冨所龍人。新潟県人である。彼とは大学3年の時から同じクラスで、最も親しかった友人の一人。大学卒業後、一度は東京で就職したものの、数年後に故郷に新潟に帰った。しばらく絵の発表から遠のいていた彼に、「白日会に出してみないか?」と誘ったのはもう何年前のことだろう、もういつだか覚えていない。その後、地味ながらもじわじわと安定した作品を出品し続け、周囲からも徐々に認められ始めた。数年前には美術雑誌の表紙も飾り、ホキ美術館にも作品が収蔵される。48歳、遅咲きの作家デビューというわけだが、ここ数年の躍進に対しても彼は全くおごることがない。学生のころからそうだったが、いつも「これでいいのか」となんだか悩んでいて、そのころはしょっちゅう描いた絵を途中でつぶしてたっけ。今では繊細な美しい女性像を描いているが、そのこととある種の繊細な心の持ち主であることとは同一線上につながるように思えるし、おごることなく、曲がったことの嫌いな性格は、学生の頃から続けていた剣道のイメージとつながる。…なんて言うと、まるで影のある2枚目の武士みたいなイメージになってしまうが、実は彼は大のプロレスファンである。特に猪木の熱狂的なファン。学生のころ、下宿に遊びに行くと、プロレス中継を観させられた。熱狂的観戦の結果、不幸にも猪木が負けると、まるで見計らったかのように同時に電話が鳴る。どうやら同じプロレス仲間のようで、漏れ聞こえてくる声から察すると、どうやら「なんだいまの試合は!」…みたいなことを言われているらしい。それに対して彼は「いや、今、いろいろ猪木も大変なんだよ…。」と、まるで関係者のように猪木の弁明を始めていた。別の日には猪木と誰だかの巌流島の決選みたいなビデオだったかを観させられた。なんだか血まみれみたいになっているすごいやつ。それを見ながら熱く語っていた内容は何だったか、すっかり忘れちゃったな。

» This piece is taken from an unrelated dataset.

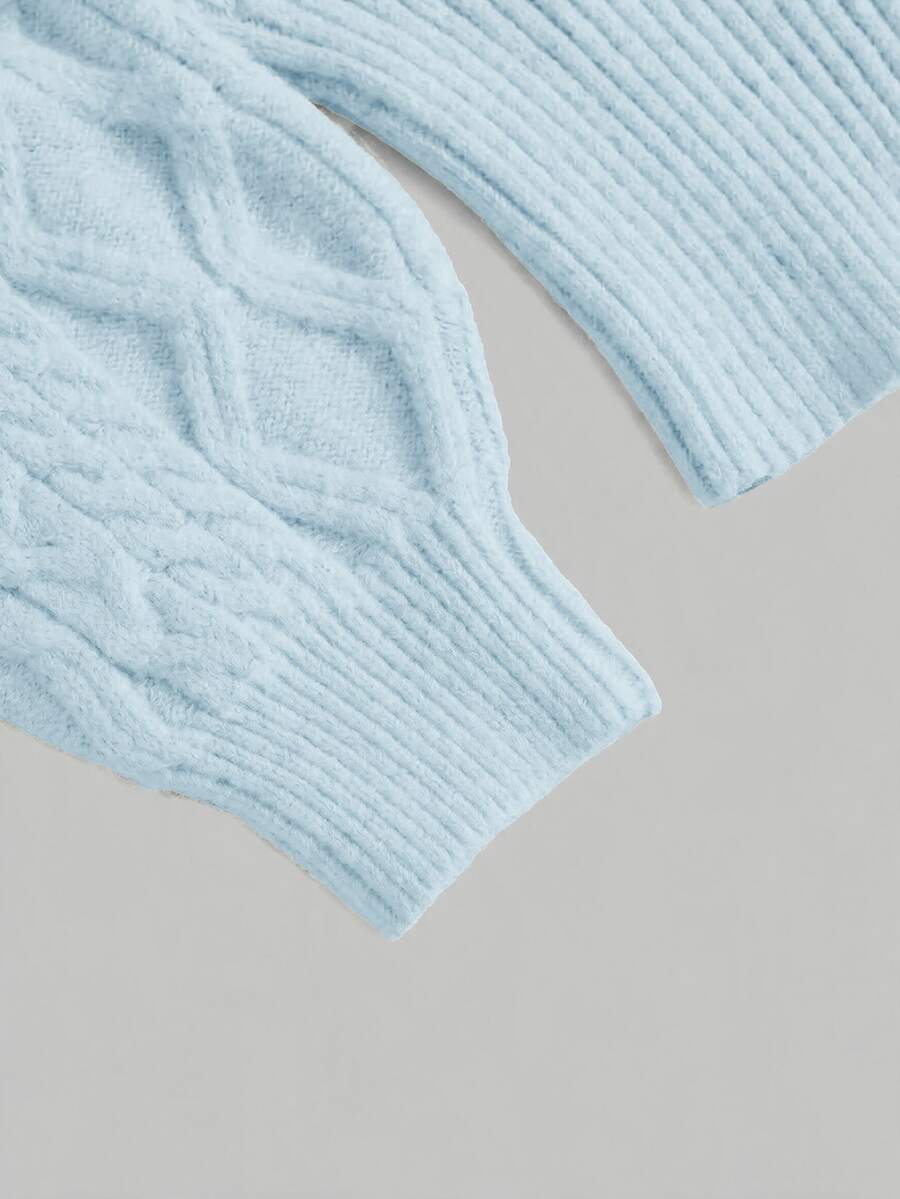 Women's off-the-shoulder rib-knit pullover sweater with three-quarter sleeves in a casual regular fit.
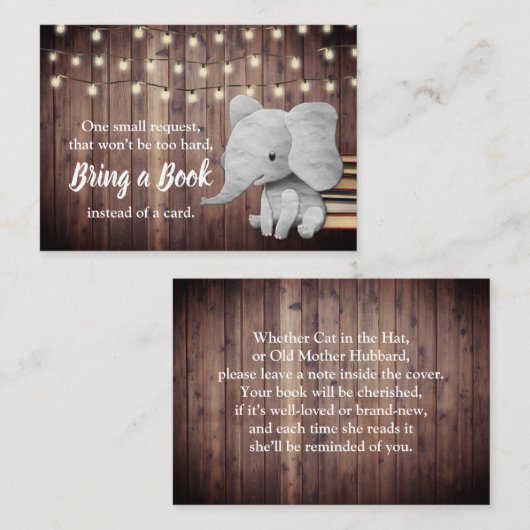 象が本を持って素朴来る赤ちゃんシャワーインサート エンクロージャーカード (正面/裏面)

なんだか持ち上げたり落としたりの変な紹介になってしまったが、そんな冨所龍人氏が、今回ホームページを開設いたしました。
http://tomidokoro-tatsuto.com/
興味を持った方は是非1度見てあげてください。すでにこのブログを読んでしまったあなたは、彼の作品の向こう側に、うっすらと映るアントニオ猪木の雄姿が見えてくるのでしょうか。